Denpasar (ANTARA) - Anggota Dewan Perwakilan Daerah Made Mangku Pastika mengajak masyarakat Bali agar dalam menjaga warisan budaya dunia yang sudah diakui UNESCO harus dilakukan secara berkelanjutan.

"Tempat-tempat yang telah diakui sebagai warisan budaya dunia, termasuk DAS - Daerah Aliran Sungai Pakerisan, Gianyar, itu artinya kita memiliki tanggung jawab untuk menjaganya," kata Pastika dalam acara penyerapan aspirasi dari Forum Komunikasi DAS Pakerisan di Denpasar, Rabu.

Baca juga: Kemendikbud tegaskan pentingnya merawat warisan dunia

Menurut Pastika, secara makro, ekonomi Bali tumbuh positif, angka kemiskinan rendah dan pengangguran juga rendah, namun masalah lingkungan masih menjadi ancaman.

Oleh karena itu, Gubernur Bali periode 2008-2018 itu berharap masyarakat ataupun komunitas juga harus berani menggabungkan diri untuk bersuara jika ternyata warisan budaya funia yang dimiliki Bali kondisinya mulai tergerus karena tidak ada yang mengurusnya dengan jelas.
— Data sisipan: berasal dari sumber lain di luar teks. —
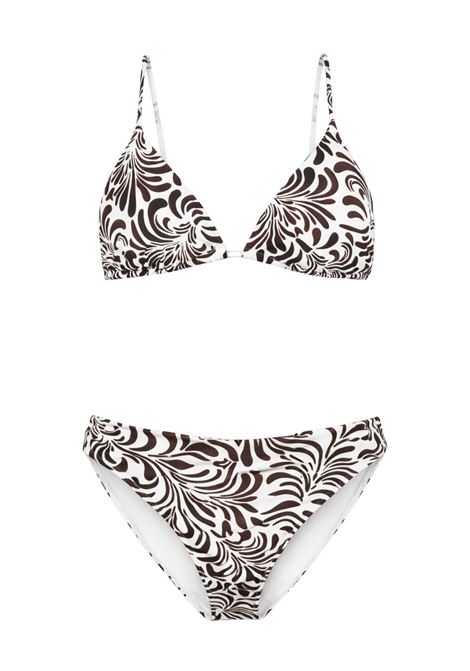 Bikini due pezzi Twinset coppa B con top a triangolo allacciato al collo TWINSET | 261LMMG22 + G6613467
"Kita tentu tidak ingin lingkungan menjadi rusak, apalagi Bali ini ciptaan Tuhan yang begitu indah. Kita juga harus bersyukur karena di Bali banyak orang yang sadar untuk ikut menjaga Bali. Ini mungkin karena Bali memiliki filosofi Tri Hita Karana (Tiga Penyebab Kebahagiaan)," ucap Pastika pada acara yang juga dihadiri unsur akademisi, praktisi, dan tokoh masyarakat itu

Untuk menjaga lingkungan, lanjut Pastika, juga tidak bisa tanggung jawabnya hanya dibebankan kepada pemerintah. Termasuk daerah aliran sungai yang melekat dengan air dan subak, sudah menjadi tanggung jawab kita semua untuk menjaga keberadaannya.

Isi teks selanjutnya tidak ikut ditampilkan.